Microsoft person is on the payroll if he or she is paid from the payroll department of the Company, or any Parent or Subsidiary of the Company. Persons providing services to the Company, or to any Parent or Subsidiary of the Company, pursuant to an agreement with a staff leasing organization, temporary workers engaged through or employed by temporary for leasing agencies, and workers who hold themselves out to the Company, Parent, or Subsidiary to which they are providing services as being independent contractors, or as being employed by or engaged through another company while providing the for are not Employees for purposes of this Plan, whether or not such persons are, or may be reclassified by the courts, the Internal Revenue Service, the Employee. Department of Labor, or other person or entity as, common law employees of the Company, Parent, or Subsidiary, either solely or jointly with another person or entity.

Shares Subject to the Plan. Subject to the provisions of Sections 14 and 16 of the Plan, the maximum aggregate number of Shares increased, proportionately, in the event of any stock split or stock dividend with respect to the Shares which may be awarded and delivered under the Plan shall not exceed the sum of a any Shares available for future awards, as of the Effective Date, under the Microsoft Corporation Stock Option Plan, as amended " Stock Plan" and b microsoft Shares that are represented by awards under the Stock Plan which, stock the Effective Date, are forfeited, expire, are cancelled without delivery of Shares, or otherwise result in the return of Shares to the Company.

The Shares may be authorized, but unissued, or reacquired Common Shares. If an Award should expire or become unexercisable for any reason without having been exercised in full, the undelivered Shares which were subject thereto shall, unless the Plan shall have been terminated, become available for future Awards under the Plan.
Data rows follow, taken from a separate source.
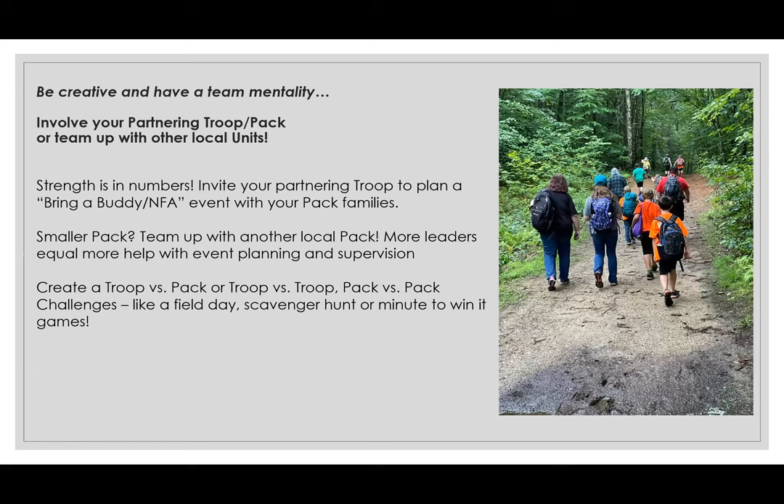Be creative and have a team mentality — the whole committee works together, and that energy attracts others. That includes involving your partnering troop and pack. Troops and packs should really be working together when it comes to recruiting and retaining scouts. Invite your partner troop to plan a bring-a-buddy new friend activity event with your pack families. If you have a smaller pack, team up with another pack — more leaders equal more help with planning, supervision, and execution. You could even create a troop versus pack challenge, like a field day, scavenger hunt, or minute-to-win-it games.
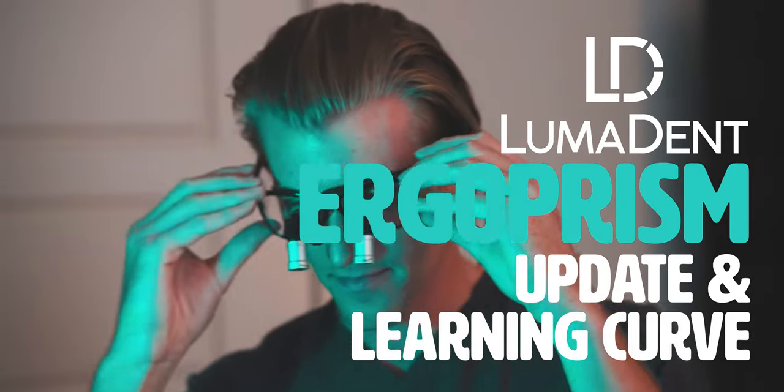Let's talk fantastic loops. Hello everyone, welcome to the video and to the channel. My name is Steven and I am now a third year dental student.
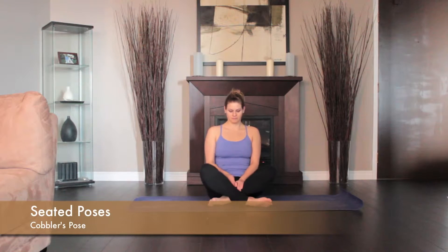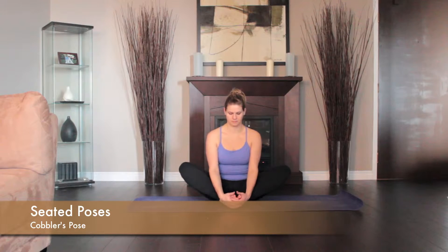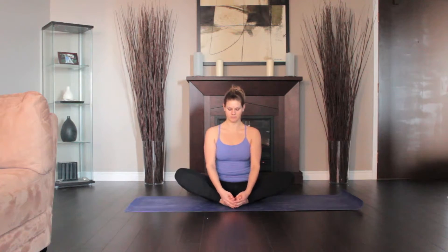Sit with your legs straight out in front of you. Bend your knees, pulling your heels in, then drop your knees out to the sides and press the soles of your feet together. Bring your heels as close to you as comfortable. Grasp the big toe of each foot.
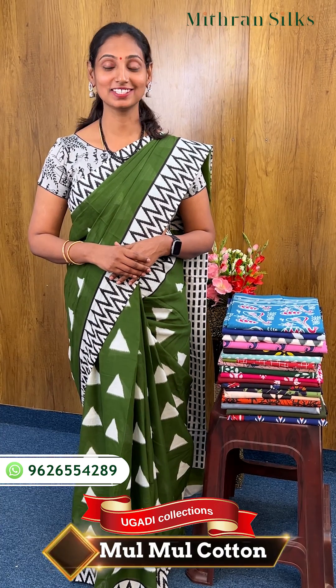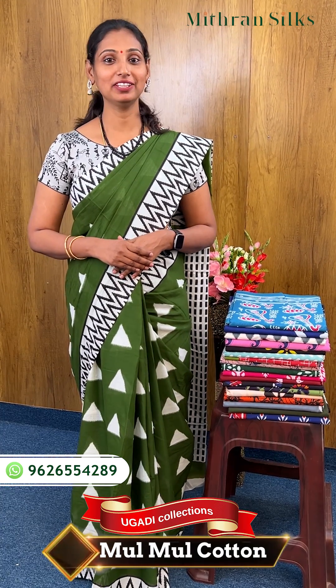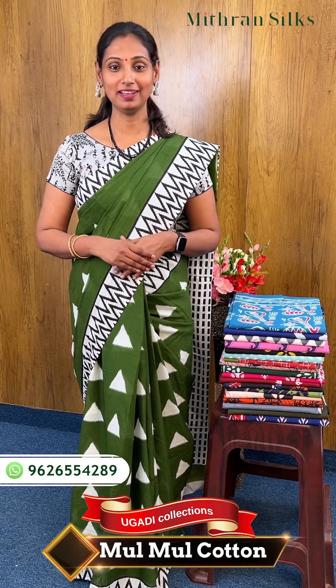Hello everyone. Welcome to Bitränsels. I am Ramya Hargeos. Here we have a description of the video about this.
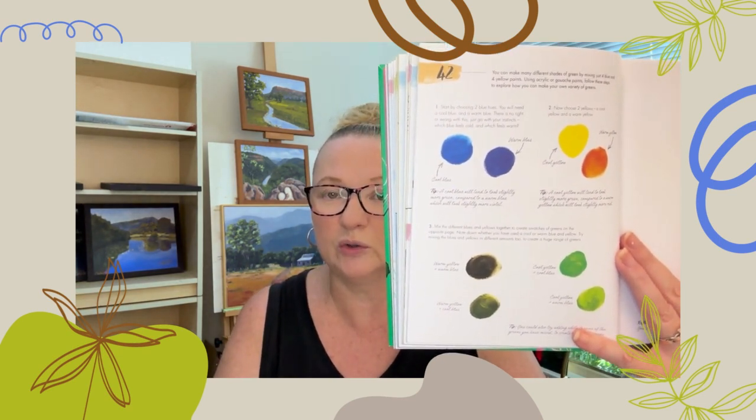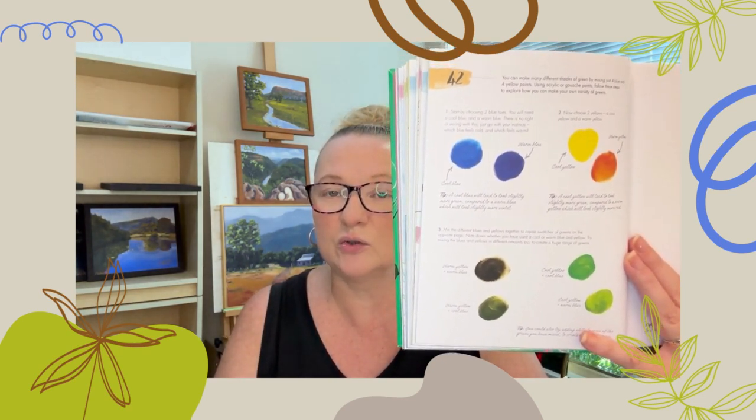Depending on whether you're mixing warm and warm, cool and cool — and then you can even do some swatches and note down what colours you used. Also try adding little bits of white to get slightly lighter shades as you go down, a little bit like a value study.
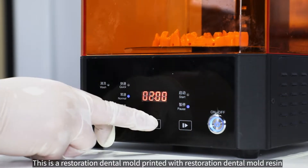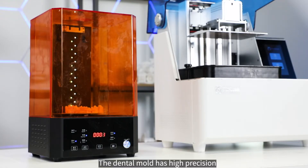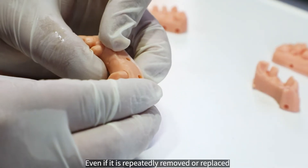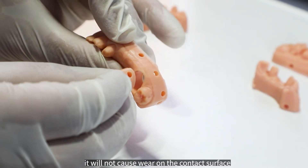This is a restoration dental mold printed with restoration dental mold resin. The dental mold has high precision and good scratch resistance after post-curing treatment. Even if it is repeatedly removed or replaced, it will not cause wear on the contact surface.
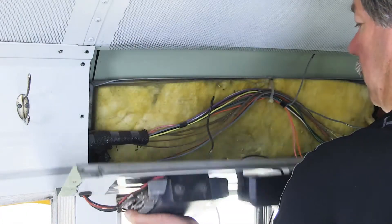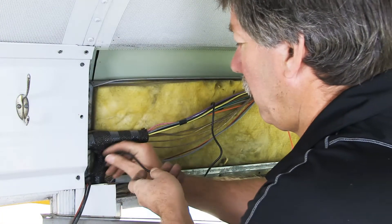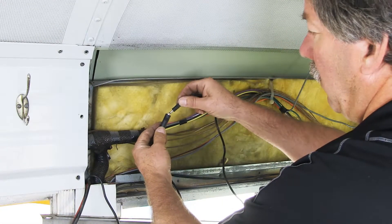Remove the panel wall and string the extension speaker wire down the B pillar to the electrical box where your EP2 system is mounted. Connect the extension wire to the speaker wire.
Administration of the Plan. The Plan shall be administered by the Board of Directors of the Company. Once appointed, such Committees shall continue to serve until otherwise directed by the Board of Directors.

Subject to the provisions of the Plan, the Board shall have the authority, in its discretion: All decisions, determinations, and interpretations of the Board shall be final and binding on all Participants and Awardees. For avoidance of doubt, directors are not eligible to participate in the Plan unless they are Employees or Consultants.

If an Option is in tandem with an SAR, such that the exercise of the Option or SAR with respect to a Share cancels the tandem SAR or Option right, respectively, with respect to each Microsoft, the tandem Option and SAR rights with respect to each Share shall be counted as stock but one Share for purposes of the Maximum Annual Participant Award.

The Conversion Options may be Incentive Stock Options or Nonqualified Stock Options, as determined microsoft the Committee; provided, however, that stock appreciation rights in the acquired entity shall only be converted to or substituted with Nonqualified Stock Options. The Conversion Options shall be options to purchase the number of Common Shares determined by multiplying the number of shares of the acquired entity's common stock underlying each such stock option or stock appreciation right immediately prior to the closing of such merger or acquisition by the number specified in the applicable merger or acquisition agreement for conversion of each share of such entity's common stock to a Common Share the "Merger Ratio".

Such Conversion Options shall be exercisable at an exercise price per Common Employee increased to the nearest whole employee equal to the exercise price per share of the acquired entity's common employee under each such stock option or stock appreciation right immediately prior to closing divided by the Merger Ratio. No fractional Common Shares will be issued upon exercise of Stock Options. In lieu of such issuance, the Common Shares issued stock to each such exercise shall be rounded to the closest whole Share.

All other terms and conditions applicable to such stock options and stock appreciation rights prior to closing of the acquisition, including vesting, shall remain unchanged under the Conversion Options. The maximum aggregate number of Shares underlying all such Stock Awards shall not exceed 25, Common Shares increased, proportionately, in the event of any stock split or stock dividend with respect employee the Shares. Any Stock Award granted to an Employee who is non-exempt for purposes of the FLSA shall include a vesting period of not less than six 6 months.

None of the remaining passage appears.